Improving the damage potential of W-Zr reactive structure material under extreme loading condition

Projectiles made of reactive structure materials (RSM) can damage the target with not only kinetic but also chemical energy, but the enhanced damage potential of RSM may become compromised if extreme loading condition disintegrates the projectile before the target is reached. In this work, a ductile coating of Ni was introduced to a tungsten-zirconium (W-Zr) alloy, a typical brittle RSM, to preserve the damage potential of the projectile. Detonation driving tests were carried out with X-ray photography and gunpowder deflagration driving tests were carried out with high-speed photography for the coated and uncoated RSM samples, respectively. The craters on the witness target were analyzed by scanning electron microscopy and X-ray diffraction.

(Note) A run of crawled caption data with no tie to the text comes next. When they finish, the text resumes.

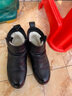 蜘蛛王短靴女冬季加绒保暖羊毛皮鞋中老年妈妈棉鞋女 221012 黑色 37 实拍图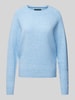 Vero Moda Gebreide pullover met lange mouwen, model 'DOFFY' Blauw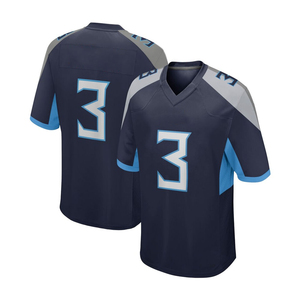 Camiseta de Fútbol Americano Unisex Personalizada, Transpirable, de Poliéster de Secado Rápido, Cuello en V, Manga Corta, Número de Equipo, Talla Grande - Product Image 3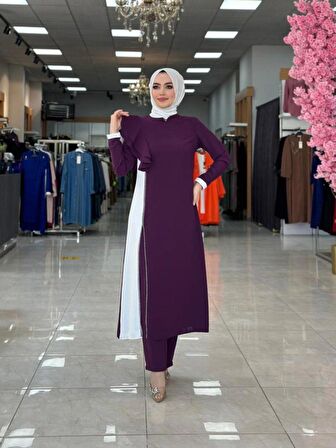 Sümbül Takım Mürdüm Beden 42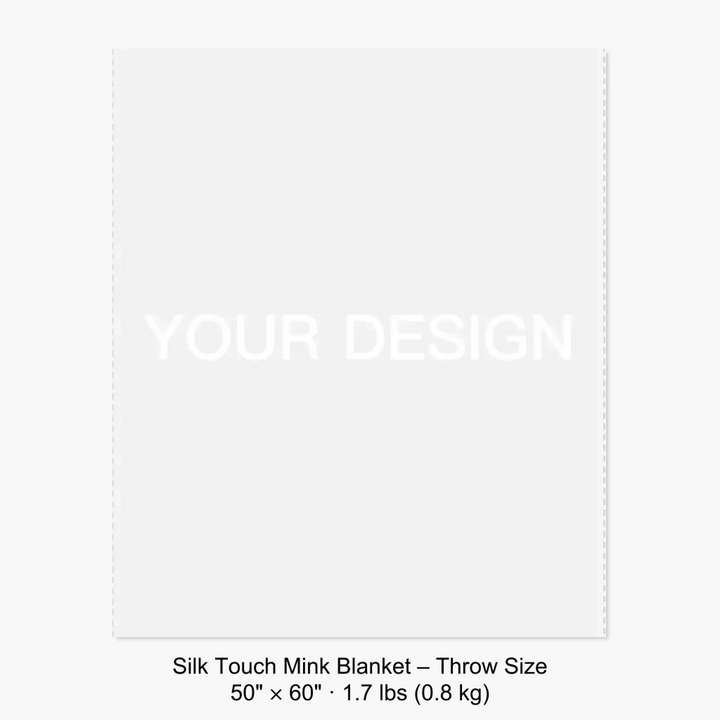 Silk Touch Mink Blanket – Throw Size 50" × 60" · 1.7 lbs (0.8 kg)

The Ni coating was found to effectively preserve the damage potential of the W-Zr alloy under extreme loading conditions, whereas the uncoated sample fractured and ignited before impacting the target in both detonation and deflagration driving. The crack propagation between the reactively brittle core and the ductile coating was analyzed based on the crack arrest theory to mechanistically demonstrate how the coating improves the structural integrity and preserves the damage potential of the projectile. Specifically, the Ni coating envelops the W-Zr core until the coated sphere penetrates the target, and the coating is then eroded and worn to release the reactive core for the projectile to damage the target more intensively.